Bonnie Glick, who served as deputy administrator of the U.S. Agency for International Development during the Trump administration, called finalizing Sudan’s participation as a “low-hanging-fruit opportunity to have an impact on a Muslim country that needs our help.”
“Sudan probably took the biggest risk of any country that’s signed on to the accords. This is a brand-new government that came to power by toppling an Islamist autocracy,” she said.
“You have a military government that’s trying to transition to a civilian government, and they took a calculated risk and said, ‘We’re going to sign the Abraham Accords.’ And since the Biden administration came in, there has been silence on the Sudan component in particular.”
Biden officials say they are engaged in efforts to expand the accords by adding in new countries. Secretary of State Antony Blinken last month hosted a Zoom call with his counterparts in Israel, the UAE, Bahrain and Morocco celebrating the one-year anniversary of the accords.
“This administration will continue to build on the successful efforts of the last administration to keep normalization marching forward,” Blinken said.
But al-Omari, of the Washington Institute, criticized this event as “muted.”
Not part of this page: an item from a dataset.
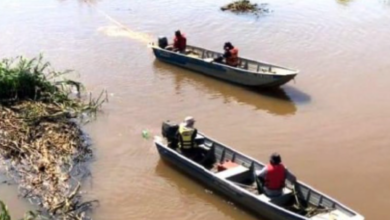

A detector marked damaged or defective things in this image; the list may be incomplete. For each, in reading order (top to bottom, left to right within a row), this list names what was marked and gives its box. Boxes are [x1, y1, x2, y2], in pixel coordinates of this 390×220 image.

environmental damage [0, 55, 106, 219]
“It is a fact that the Biden administration has not been, very robustly, involved in building on these accords,” he said.
Despite the absence of the Biden administration, ties are deepening between Israel and Gulf states, largely an outgrowth of more than a decade of secret ties over concerns of Iran’s ambitions in the region and, following normalization, excitement over increased economic opportunities and security initiatives.
Israel is touting as a landmark achievement its pavilion in Dubai at the World Expo; direct flights and exchanges of hundreds of thousands of its citizens with the UAE; and raising the possibility that Oman could be the next country to join the accords.
“We have, I believe, created a change of dynamics and a change of attitude in the Middle East and in the region,” Eliav Benjamin, head of the bureau of the Middle East and Peace process division at the Israeli Ministry of Foreign Affairs, said in a briefing with reporters Wednesday.
This paradigm shift between Israel and its neighbors, Benjamin continued, is about “being much more pragmatic and practical on dealing with issues that we have at hand.”